__WORK INSTRUCTIONS__
Your answer is the listing, printed exactly as given.
%%
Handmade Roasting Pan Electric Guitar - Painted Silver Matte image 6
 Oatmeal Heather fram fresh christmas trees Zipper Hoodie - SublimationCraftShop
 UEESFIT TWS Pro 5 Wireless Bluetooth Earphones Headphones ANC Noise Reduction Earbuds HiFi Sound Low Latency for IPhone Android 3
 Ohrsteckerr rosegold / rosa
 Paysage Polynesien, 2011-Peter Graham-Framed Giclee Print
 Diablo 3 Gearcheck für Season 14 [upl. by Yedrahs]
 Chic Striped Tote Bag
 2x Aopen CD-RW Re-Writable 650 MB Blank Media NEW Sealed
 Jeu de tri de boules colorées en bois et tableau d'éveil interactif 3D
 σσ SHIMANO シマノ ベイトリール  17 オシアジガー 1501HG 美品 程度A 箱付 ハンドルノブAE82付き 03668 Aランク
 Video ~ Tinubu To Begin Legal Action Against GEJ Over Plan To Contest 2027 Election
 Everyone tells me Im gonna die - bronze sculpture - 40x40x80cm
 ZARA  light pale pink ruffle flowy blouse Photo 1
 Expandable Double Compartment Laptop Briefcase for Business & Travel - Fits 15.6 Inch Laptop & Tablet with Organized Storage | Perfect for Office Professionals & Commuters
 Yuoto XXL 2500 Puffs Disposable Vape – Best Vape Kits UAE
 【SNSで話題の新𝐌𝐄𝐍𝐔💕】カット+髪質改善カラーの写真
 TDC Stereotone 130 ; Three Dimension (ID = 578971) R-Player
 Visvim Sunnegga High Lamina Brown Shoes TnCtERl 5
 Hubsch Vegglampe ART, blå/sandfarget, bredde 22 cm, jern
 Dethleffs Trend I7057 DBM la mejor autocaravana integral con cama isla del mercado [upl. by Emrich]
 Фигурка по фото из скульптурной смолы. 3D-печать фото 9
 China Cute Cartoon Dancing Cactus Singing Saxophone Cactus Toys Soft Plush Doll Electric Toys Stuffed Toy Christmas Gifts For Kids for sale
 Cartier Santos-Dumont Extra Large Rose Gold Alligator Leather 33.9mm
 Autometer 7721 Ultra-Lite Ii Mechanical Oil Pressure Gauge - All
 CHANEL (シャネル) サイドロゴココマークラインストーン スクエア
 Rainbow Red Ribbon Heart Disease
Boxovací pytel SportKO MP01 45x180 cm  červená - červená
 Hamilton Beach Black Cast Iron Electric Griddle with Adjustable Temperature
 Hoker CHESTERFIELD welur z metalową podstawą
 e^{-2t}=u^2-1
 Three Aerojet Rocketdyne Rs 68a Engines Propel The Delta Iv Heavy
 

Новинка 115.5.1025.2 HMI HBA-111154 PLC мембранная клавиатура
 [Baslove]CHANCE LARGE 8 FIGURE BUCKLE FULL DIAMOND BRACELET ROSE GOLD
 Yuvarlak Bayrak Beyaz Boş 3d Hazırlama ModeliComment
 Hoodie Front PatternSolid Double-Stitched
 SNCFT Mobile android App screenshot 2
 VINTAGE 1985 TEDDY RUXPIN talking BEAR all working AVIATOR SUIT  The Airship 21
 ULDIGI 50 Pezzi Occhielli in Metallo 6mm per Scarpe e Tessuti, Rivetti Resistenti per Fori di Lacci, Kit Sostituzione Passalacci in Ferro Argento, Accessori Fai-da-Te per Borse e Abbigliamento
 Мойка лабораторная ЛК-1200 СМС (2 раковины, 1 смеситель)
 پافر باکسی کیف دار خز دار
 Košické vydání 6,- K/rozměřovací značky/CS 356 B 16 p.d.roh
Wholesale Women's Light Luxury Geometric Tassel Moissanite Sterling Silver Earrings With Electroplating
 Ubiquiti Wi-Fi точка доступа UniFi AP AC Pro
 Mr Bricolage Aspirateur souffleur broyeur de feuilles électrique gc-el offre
%%
__COMPLETED EXERCISE__
Handmade Roasting Pan Electric Guitar - Painted Silver Matte image 6
 Oatmeal Heather fram fresh christmas trees Zipper Hoodie - SublimationCraftShop
 UEESFIT TWS Pro 5 Wireless Bluetooth Earphones Headphones ANC Noise Reduction Earbuds HiFi Sound Low Latency for IPhone Android 3
 Ohrsteckerr rosegold / rosa
 Paysage Polynesien, 2011-Peter Graham-Framed Giclee Print
 Diablo 3 Gearcheck für Season 14 [upl. by Yedrahs]
 Chic Striped Tote Bag
 2x Aopen CD-RW Re-Writable 650 MB Blank Media NEW Sealed
 Jeu de tri de boules colorées en bois et tableau d'éveil interactif 3D
 σσ SHIMANO シマノ ベイトリール  17 オシアジガー 1501HG 美品 程度A 箱付 ハンドルノブAE82付き 03668 Aランク
 Video ~ Tinubu To Begin Legal Action Against GEJ Over Plan To Contest 2027 Election
 Everyone tells me Im gonna die - bronze sculpture - 40x40x80cm
 ZARA  light pale pink ruffle flowy blouse Photo 1
 Expandable Double Compartment Laptop Briefcase for Business & Travel - Fits 15.6 Inch Laptop & Tablet with Organized Storage | Perfect for Office Professionals & Commuters
 Yuoto XXL 2500 Puffs Disposable Vape – Best Vape Kits UAE
 【SNSで話題の新𝐌𝐄𝐍𝐔💕】カット+髪質改善カラーの写真
 TDC Stereotone 130 ; Three Dimension (ID = 578971) R-Player
 Visvim Sunnegga High Lamina Brown Shoes TnCtERl 5
 Hubsch Vegglampe ART, blå/sandfarget, bredde 22 cm, jern
 Dethleffs Trend I7057 DBM la mejor autocaravana integral con cama isla del mercado [upl. by Emrich]
 Фигурка по фото из скульптурной смолы. 3D-печать фото 9
 China Cute Cartoon Dancing Cactus Singing Saxophone Cactus Toys Soft Plush Doll Electric Toys Stuffed Toy Christmas Gifts For Kids for sale
 Cartier Santos-Dumont Extra Large Rose Gold Alligator Leather 33.9mm
 Autometer 7721 Ultra-Lite Ii Mechanical Oil Pressure Gauge - All
 CHANEL (シャネル) サイドロゴココマークラインストーン スクエア
 Rainbow Red Ribbon Heart Disease
Boxovací pytel SportKO MP01 45x180 cm  červená - červená
 Hamilton Beach Black Cast Iron Electric Griddle with Adjustable Temperature
 Hoker CHESTERFIELD welur z metalową podstawą
 e^{-2t}=u^2-1
 Three Aerojet Rocketdyne Rs 68a Engines Propel The Delta Iv Heavy
 

Новинка 115.5.1025.2 HMI HBA-111154 PLC мембранная клавиатура
 [Baslove]CHANCE LARGE 8 FIGURE BUCKLE FULL DIAMOND BRACELET ROSE GOLD
 Yuvarlak Bayrak Beyaz Boş 3d Hazırlama ModeliComment
 Hoodie Front PatternSolid Double-Stitched
 SNCFT Mobile android App screenshot 2
 VINTAGE 1985 TEDDY RUXPIN talking BEAR all working AVIATOR SUIT  The Airship 21
 ULDIGI 50 Pezzi Occhielli in Metallo 6mm per Scarpe e Tessuti, Rivetti Resistenti per Fori di Lacci, Kit Sostituzione Passalacci in Ferro Argento, Accessori Fai-da-Te per Borse e Abbigliamento
 Мойка лабораторная ЛК-1200 СМС (2 раковины, 1 смеситель)
 پافر باکسی کیف دار خز دار
 Košické vydání 6,- K/rozměřovací značky/CS 356 B 16 p.d.roh
Wholesale Women's Light Luxury Geometric Tassel Moissanite Sterling Silver Earrings With Electroplating
 Ubiquiti Wi-Fi точка доступа UniFi AP AC Pro
 Mr Bricolage Aspirateur souffleur broyeur de feuilles électrique gc-el offre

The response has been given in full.